Sur le plan réglementaire, l’Europe a pris les devants avec le Règlement sur l’IA (UE 2024/1689), entré en vigueur en août 2024. Il repose sur une logique de gestion des risques, comme le RGPD. Les systèmes d’IA utilisés en RH (notamment pour le recrutement ou l’évaluation des salariés) sont classés à haut risque. Ils doivent (depuis le mois d’août 2025) respecter des exigences strictes en matière de transparence, d’explicabilité, de documentation, et de contrôle humain.
Comment les RH peuvent s’approprier l’IA… intelligemment ?
Pour réussir l’intégration de l’intelligence artificielle dans les ressources humaines, plusieurs étapes sont indispensables. Il convient d’abord de former les équipes RH afin qu’elles comprennent le fonctionnement, les limites et les risques de ces outils, condition essentielle à un usage éclairé.
Une gouvernance spécifique doit ensuite être définie, à travers des chartes d’usage, des comités de validation et un suivi régulier des impacts sur les collaborateurs. La transparence joue également un rôle central : chacun doit savoir quand et pourquoi l’IA est utilisée. Enfin, impliquer les collaborateurs en expliquant les outils et en recueillant leurs retours permet de favoriser l’adhésion et de réduire les inquiétudes.

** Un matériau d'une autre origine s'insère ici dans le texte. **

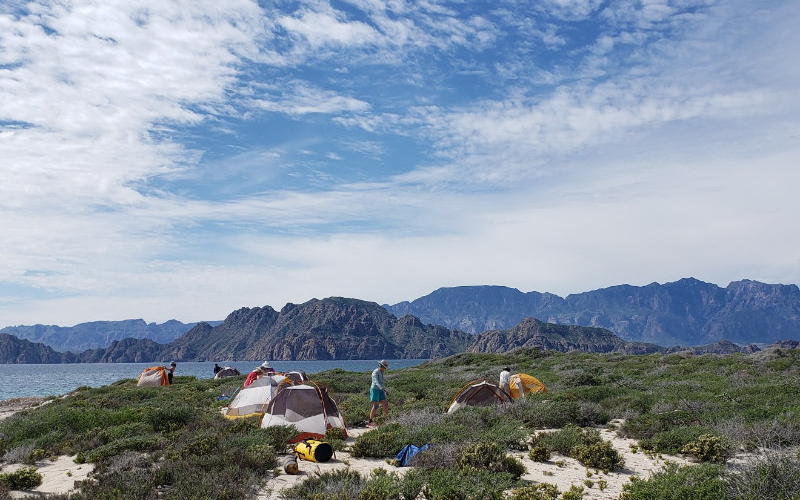 Setting up camp on an island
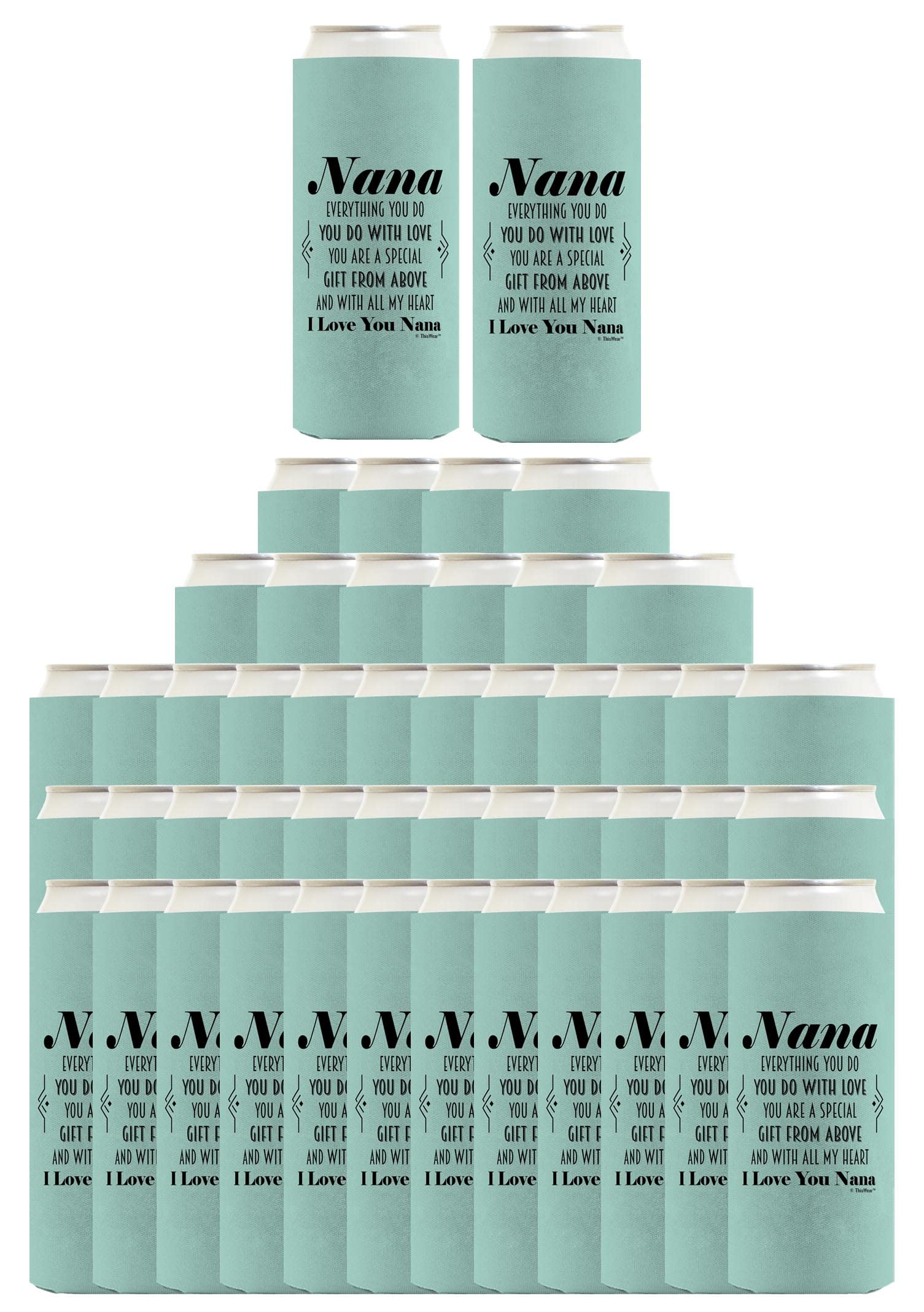 Inspirational Gift for Grandma - 'You Are a Gift From Above' Poem 48-Pack Ultra Slim Can Coolers | Perfect for Mother's Day, Birthday & Holiday Gifts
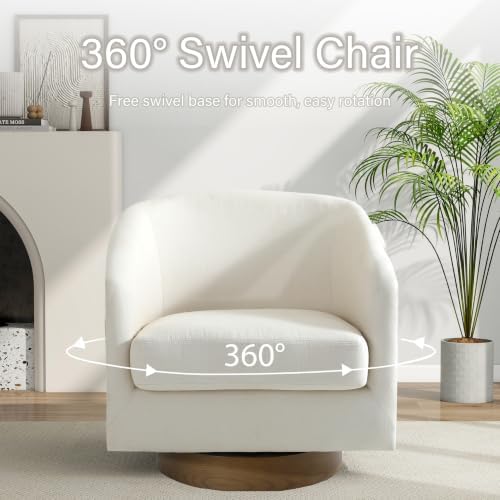 Pia Ricco Oversized Linen 360° Swivel Barrel Accent Chair Beige - Image 5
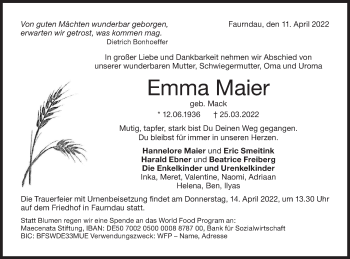 Traueranzeige von Emma Maier von NWZ Neue Württembergische Zeitung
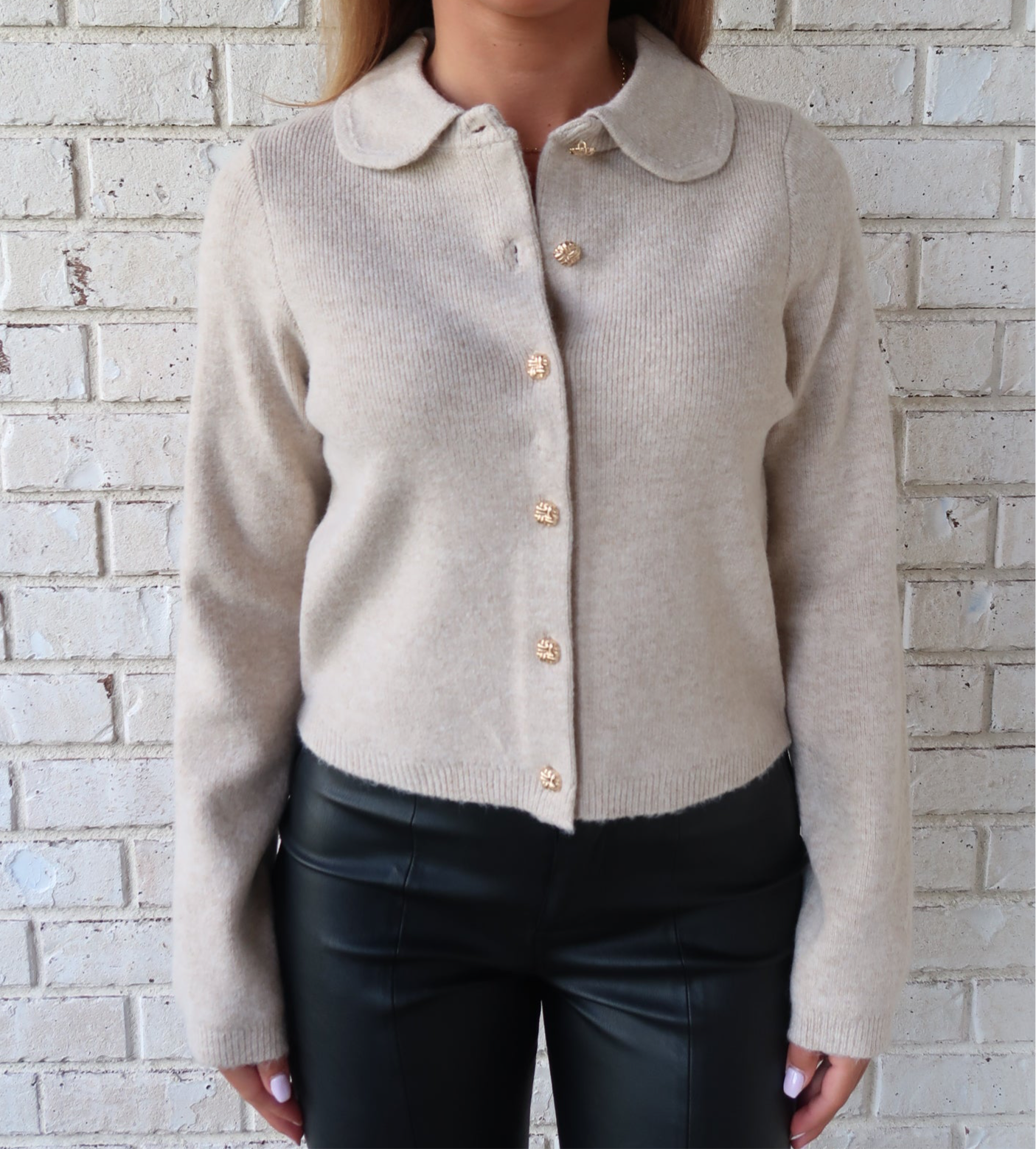 Peter Pan Collar Knit Cardigan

Si l’intelligence artificielle peut être une alliée précieuse pour les Ressources Humaines : plus de temps pour l’humain, moins de lourdeurs administratives, des services mieux adaptés, cette technologie exige un cadre clair, une vigilance éthique, et un pilotage humain. La clé réside dans l’équilibre entre enthousiasme et lucidité, innovation et régulation.